After writing code for a new feature or a bug fix for an existing feature, developers should take a step back to consider how the changes they've introduced might or might not fit into the overall design of the software. With the addition of new changes, developers might consider an overall structure that better suits the codebase, existing methods that could be simplified or new tests that would better assert the code's correctness.

6 code refactoring techniques to know

Take a look at some different refactoring techniques and examples of those techniques in practice. Some examples -- such as "dealing with generalization" and "composing methods" are broader categories with more specific approaches described within.

1) Red, green, refactor

Red, green, refactor is a test-driven development technique that contains three main phases:

  • Red.
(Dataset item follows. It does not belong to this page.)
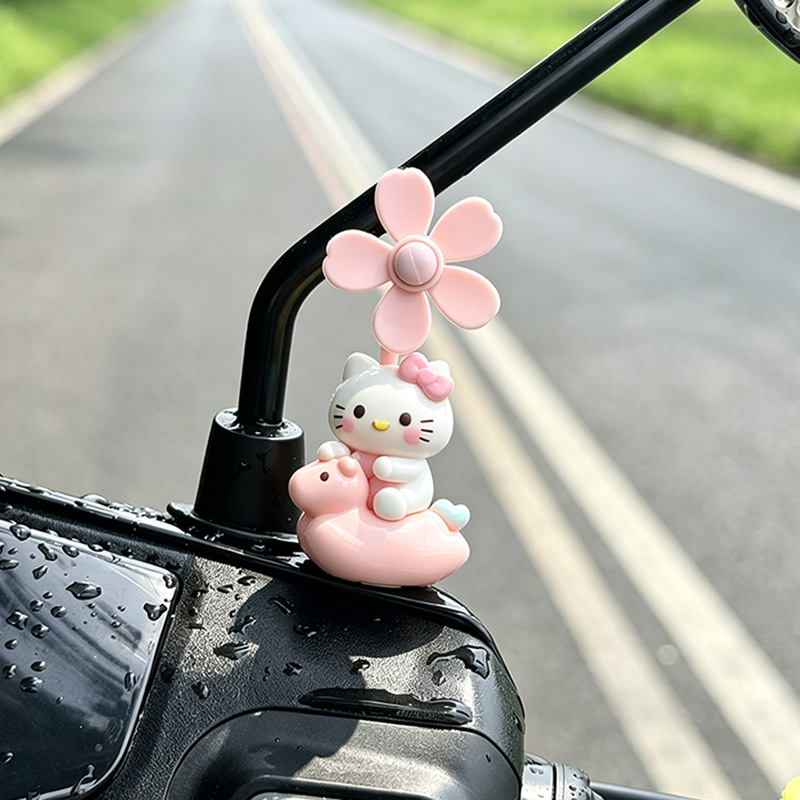 Cute and Adorable KT Cat Electric Car Interior Decoration Rotating Windmill Bicycle Ornament Office Desk Car Decoration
The steps of writing a failing test for the new desired functionality.
  • Green. Writing the minimal code required to pass the failing test.
  • Refactor. Refactoring the new method.

As an example, we might want to write a new method to reverse a string in Python. The tests encourage the developer to consider the interface to the code first -- how the method will look regarding the arguments it takes or the values it returns.
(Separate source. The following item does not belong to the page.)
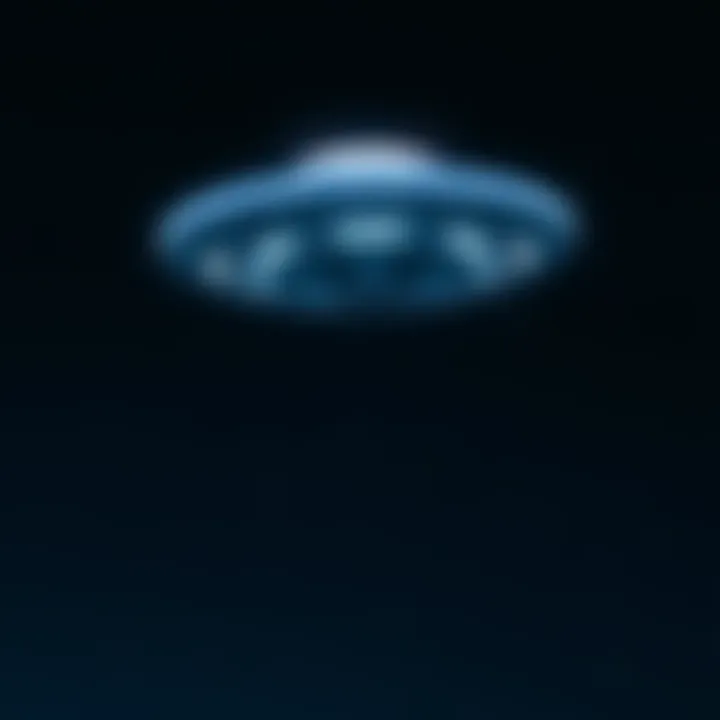 A bright UFO hovering in a dark sky with stars around it, symbolizing the rising interest in UFO discussions and government speculation.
The tests also serve as requirements for the method's functionality. They specify expected output given a certain input.

The tests might look something like the following:

import unittest

# We will define the function here later

class TestReverseString(unittest.TestCase):
	def test_empty_string(self):
  	  # Test case for an empty string
  	  self.assertEqual(reverse_string(""), "")

	def test_single_character_string(self):
  	  # Test case for a single character string
  	  self.assertEqual(reverse_string("a"), "a")

	def test_palindrome_string(self):
  	  # Test case for a palindrome
  	  self.assertEqual(reverse_string("madam"), "madam")

	def test_normal_string(self):
  	  # Test case for a regular string
  	  self.assertEqual(reverse_string("hello"), "olleh")
​

The first iteration of the new method might then look something like the below.

import unittest

def reverse_string(s):
	# Minimal code to pass the tests using a loop
	reversed_chars = []
	for char in s:
  	  reversed_chars.append(char)
	  reversed_chars.reverse() # Reverse the list of characters
	  return "".join(reversed_chars) # Join them back into a string

class TestReverseString(unittest.TestCase):
	def test_empty_string(self):
  	  self.assertEqual(reverse_string(""), "")

	def test_single_character_string(self):
  	  self.assertEqual(reverse_string("a"), "a")

	def test_palindrome_string(self):
  	  self.assertEqual(reverse_string("madam"), "madam")

	def test_normal_string(self):
  	  self.assertEqual(reverse_string("hello"), "olleh")

if __name__ == '__main__':
	unittest.main()

A refactor of the reverse_string method could look like the following:

import unittest

def reverse_string(s):
	# Refactored code - simpler and more Pythonic using slicing
	return s[::-1]
​

A refactor of the reverse_string method could look like the following:

import unittest

def reverse_string(s):
	# Refactored code - simpler and more Pythonic using slicing
	return s[::-1]

2) Refactor by abstraction

Refactoring by abstraction is a technique that identifies and pulls common functionality from multiple places into a higher-level abstraction, such as an abstract class or interface.

This process aims to reduce code duplication, improve modularity, and make the codebase more maintainable and accessible. Centralizing shared logic simplifies new code changes or additions. This leads to cleaner, more reliable software design and reduces the likelihood of introducing errors

As an example, start with two classes, each responsible for sending some type of message. The classes could be abstracted into a generic MessageSender class, where both specific message-sending classes can reuse the common logic.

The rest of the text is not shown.